If the pupils are sensitive to the lack of prestige and refinement of their teachers, they are as capable of administering slights as of receiving them. The imprisonment of the young in the unimaginative world constructed by their elders is, however, the overwhelming impression left of school experience, and the penetrating gaze of these misfits threatens to expose the whole corrupt arrangement. In her portrayal of this confinement as experienced by Paul, Cather, following the example of Balzac, does not overlook the social and economic forces at work in education as an institution.

Like so many of Balzac's heroes, Lambert eventually leaves his provincial roots behind to settle in Paris. Paul similarly gravitates toward the cultural center of New York. The public spectacle of theater or musical performance plays a crucial role in their lives, one connected with the inaccessibility of an object of desire. At the Théâtre-François Lambert experiences sexual jealousy for the first time (II: 645). Paul watches the soprano soloist leave Carnegie Hallin the company of the conductor and wonders if "she were not an old sweetheart of his" (472). He is unable to approach her as she enters the hotel. His planned escapade in New York includes, as an integral component of the fantasy, an evening at the opera. But if Lambert desires another human being, Paul is willing an assimilation evident only to him: "He felt now that his surroundings explained him" (484).
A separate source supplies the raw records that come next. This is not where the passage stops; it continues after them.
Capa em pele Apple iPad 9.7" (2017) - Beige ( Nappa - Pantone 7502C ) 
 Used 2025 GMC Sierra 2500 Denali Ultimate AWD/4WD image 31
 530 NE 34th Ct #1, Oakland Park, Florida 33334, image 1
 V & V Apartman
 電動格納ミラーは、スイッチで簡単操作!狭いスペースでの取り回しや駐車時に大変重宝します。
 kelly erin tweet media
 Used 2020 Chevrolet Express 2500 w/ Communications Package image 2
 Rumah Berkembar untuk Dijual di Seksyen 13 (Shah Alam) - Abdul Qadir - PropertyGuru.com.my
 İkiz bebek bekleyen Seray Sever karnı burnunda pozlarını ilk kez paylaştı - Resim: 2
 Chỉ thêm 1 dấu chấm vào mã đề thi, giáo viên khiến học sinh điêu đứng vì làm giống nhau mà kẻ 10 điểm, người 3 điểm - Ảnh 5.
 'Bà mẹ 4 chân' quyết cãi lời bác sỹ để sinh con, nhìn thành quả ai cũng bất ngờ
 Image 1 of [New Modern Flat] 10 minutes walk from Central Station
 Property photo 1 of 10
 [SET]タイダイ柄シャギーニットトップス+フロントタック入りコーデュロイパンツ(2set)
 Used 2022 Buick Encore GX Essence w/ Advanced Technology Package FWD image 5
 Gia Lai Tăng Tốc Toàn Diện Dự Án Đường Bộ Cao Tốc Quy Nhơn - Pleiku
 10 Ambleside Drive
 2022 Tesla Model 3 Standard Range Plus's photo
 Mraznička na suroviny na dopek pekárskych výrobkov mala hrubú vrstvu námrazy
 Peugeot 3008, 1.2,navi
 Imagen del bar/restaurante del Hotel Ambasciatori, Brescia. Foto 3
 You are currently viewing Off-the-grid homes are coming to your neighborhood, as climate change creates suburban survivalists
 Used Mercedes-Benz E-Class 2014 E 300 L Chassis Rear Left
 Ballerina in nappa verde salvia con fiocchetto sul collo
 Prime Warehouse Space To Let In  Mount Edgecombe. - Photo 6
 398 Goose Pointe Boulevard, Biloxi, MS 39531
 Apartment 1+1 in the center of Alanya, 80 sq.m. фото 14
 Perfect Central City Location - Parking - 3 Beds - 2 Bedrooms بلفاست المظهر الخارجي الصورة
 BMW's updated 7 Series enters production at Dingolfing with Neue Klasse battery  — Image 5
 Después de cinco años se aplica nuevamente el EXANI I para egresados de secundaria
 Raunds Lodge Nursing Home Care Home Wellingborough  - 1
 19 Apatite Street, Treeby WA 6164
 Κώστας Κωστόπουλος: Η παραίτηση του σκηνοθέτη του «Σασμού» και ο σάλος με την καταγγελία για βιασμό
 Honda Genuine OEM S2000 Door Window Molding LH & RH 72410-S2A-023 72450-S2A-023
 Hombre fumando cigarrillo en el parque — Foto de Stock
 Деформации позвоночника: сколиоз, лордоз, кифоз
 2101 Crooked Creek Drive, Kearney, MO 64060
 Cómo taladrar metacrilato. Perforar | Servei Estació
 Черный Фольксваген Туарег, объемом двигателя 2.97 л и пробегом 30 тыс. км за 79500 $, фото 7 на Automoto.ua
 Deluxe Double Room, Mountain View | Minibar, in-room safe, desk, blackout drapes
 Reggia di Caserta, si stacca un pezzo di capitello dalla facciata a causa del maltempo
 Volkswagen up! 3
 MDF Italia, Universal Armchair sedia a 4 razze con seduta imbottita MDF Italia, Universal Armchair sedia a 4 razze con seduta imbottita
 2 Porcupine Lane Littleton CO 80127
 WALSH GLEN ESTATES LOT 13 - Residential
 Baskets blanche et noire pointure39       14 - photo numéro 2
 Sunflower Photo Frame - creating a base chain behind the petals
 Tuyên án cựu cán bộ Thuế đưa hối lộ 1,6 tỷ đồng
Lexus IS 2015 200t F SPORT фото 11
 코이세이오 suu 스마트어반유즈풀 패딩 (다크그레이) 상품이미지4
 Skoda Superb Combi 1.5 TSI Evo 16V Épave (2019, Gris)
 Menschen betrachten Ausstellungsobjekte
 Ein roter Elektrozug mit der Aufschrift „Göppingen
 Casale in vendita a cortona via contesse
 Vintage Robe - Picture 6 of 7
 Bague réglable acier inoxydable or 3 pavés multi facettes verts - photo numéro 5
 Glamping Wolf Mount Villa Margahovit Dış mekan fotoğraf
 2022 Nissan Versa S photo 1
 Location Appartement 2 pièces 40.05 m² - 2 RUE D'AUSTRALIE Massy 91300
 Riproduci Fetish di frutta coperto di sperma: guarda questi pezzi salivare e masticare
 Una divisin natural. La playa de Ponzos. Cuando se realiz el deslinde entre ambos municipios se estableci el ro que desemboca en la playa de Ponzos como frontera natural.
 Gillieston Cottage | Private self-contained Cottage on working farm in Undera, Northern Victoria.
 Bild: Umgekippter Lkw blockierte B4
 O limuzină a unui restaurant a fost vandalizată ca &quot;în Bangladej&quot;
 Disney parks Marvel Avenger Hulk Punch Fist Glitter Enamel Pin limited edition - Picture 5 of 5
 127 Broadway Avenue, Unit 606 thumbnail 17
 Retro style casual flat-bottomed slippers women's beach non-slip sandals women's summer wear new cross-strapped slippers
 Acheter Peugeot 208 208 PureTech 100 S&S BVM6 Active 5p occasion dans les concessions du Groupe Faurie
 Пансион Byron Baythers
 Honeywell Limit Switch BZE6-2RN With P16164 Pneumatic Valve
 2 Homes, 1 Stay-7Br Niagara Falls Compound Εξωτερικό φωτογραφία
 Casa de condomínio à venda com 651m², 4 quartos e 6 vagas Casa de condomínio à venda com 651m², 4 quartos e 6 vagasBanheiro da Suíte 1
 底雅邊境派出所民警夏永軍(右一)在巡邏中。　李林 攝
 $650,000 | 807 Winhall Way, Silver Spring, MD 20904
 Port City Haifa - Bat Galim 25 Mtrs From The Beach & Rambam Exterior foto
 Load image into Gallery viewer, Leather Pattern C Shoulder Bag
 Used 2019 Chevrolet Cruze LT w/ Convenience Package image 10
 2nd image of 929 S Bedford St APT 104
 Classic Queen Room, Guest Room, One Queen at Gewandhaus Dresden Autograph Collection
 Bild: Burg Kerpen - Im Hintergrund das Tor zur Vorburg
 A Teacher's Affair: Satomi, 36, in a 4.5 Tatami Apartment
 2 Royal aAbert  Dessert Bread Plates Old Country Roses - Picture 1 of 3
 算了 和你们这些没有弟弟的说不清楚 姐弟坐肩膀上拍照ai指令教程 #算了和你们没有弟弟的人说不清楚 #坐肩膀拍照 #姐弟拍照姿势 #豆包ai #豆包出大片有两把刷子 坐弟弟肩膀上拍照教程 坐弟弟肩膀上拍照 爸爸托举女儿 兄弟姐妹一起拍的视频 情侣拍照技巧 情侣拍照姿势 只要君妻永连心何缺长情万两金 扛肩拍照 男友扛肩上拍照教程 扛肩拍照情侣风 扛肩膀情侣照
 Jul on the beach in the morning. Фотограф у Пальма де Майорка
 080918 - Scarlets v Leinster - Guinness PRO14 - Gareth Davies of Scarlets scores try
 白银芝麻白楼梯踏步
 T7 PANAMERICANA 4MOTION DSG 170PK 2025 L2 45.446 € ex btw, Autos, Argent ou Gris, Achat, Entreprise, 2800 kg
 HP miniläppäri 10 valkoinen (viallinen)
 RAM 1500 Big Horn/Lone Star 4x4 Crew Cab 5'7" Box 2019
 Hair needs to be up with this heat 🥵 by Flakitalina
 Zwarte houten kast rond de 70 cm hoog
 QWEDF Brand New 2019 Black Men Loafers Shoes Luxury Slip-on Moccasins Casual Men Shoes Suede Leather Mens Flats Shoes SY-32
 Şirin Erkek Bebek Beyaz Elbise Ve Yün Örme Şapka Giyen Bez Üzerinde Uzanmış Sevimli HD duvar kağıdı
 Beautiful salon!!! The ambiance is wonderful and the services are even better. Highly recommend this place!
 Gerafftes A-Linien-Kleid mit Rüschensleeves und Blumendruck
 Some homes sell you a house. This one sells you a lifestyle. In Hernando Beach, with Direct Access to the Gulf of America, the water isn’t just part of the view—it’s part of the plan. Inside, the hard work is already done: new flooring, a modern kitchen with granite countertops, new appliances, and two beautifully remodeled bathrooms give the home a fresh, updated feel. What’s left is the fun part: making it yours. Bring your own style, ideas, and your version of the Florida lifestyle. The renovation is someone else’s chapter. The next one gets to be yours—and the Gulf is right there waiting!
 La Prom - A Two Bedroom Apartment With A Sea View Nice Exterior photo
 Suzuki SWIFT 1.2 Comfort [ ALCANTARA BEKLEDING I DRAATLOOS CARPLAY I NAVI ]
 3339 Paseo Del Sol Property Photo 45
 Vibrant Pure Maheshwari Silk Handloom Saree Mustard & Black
A more unfortunate suggestion of influence appears in Cather's allusion to anti-Semitic stereotypes, Balzac's example in his work at large perhaps being harmful in its supply of stock images. In Louis Lambert he draws on these in a benign way, inventing a Jewish ancestor for the young woman with whom his hero will fall in love: "Louis noticed a young person whose position forced her to remain within that group looked down upon by high society, although her fortune was large enough to warrant the supposition that one day she might marry into the aristocracy of the region... . Her features showed Jewish beauty in the purest form: those oval lines, so expansive and virginal, have something of the ideal about them and seem to express the delights of the Orient, the unchanging blue of its skies, the splendors of its lands, and the fabulous riches of its way of life" (II: 658-59). If Balzac, in this instance, identifies prejudice for what it is—and he doesn't always do so— Cather evokes the same themes of great wealth, exoticism, and misguided pretensions in comments intended to be withering and ultimately gratuitous, addressed to the enchantment theater holds for Paul: "It was very like the old stories that used to float about London of fabulously rich Jews, who had subterranean halls, with palms, and fountains, and soft lamps and richly appareled women who never saw the disenchanting light of London day. So, in the midst of that smoke-palled city, enamoured of figures and grimy toil, Paul had his secret temple, his wishing-carpet, his bit of blue-and-white Mediterranean shore bathed in perpetual sunshine" (478). Here the narrator's contempt for the character's illusions puts her on the side of the gang of teachers, acting in accordance with the instincts and ignorance of the crowd.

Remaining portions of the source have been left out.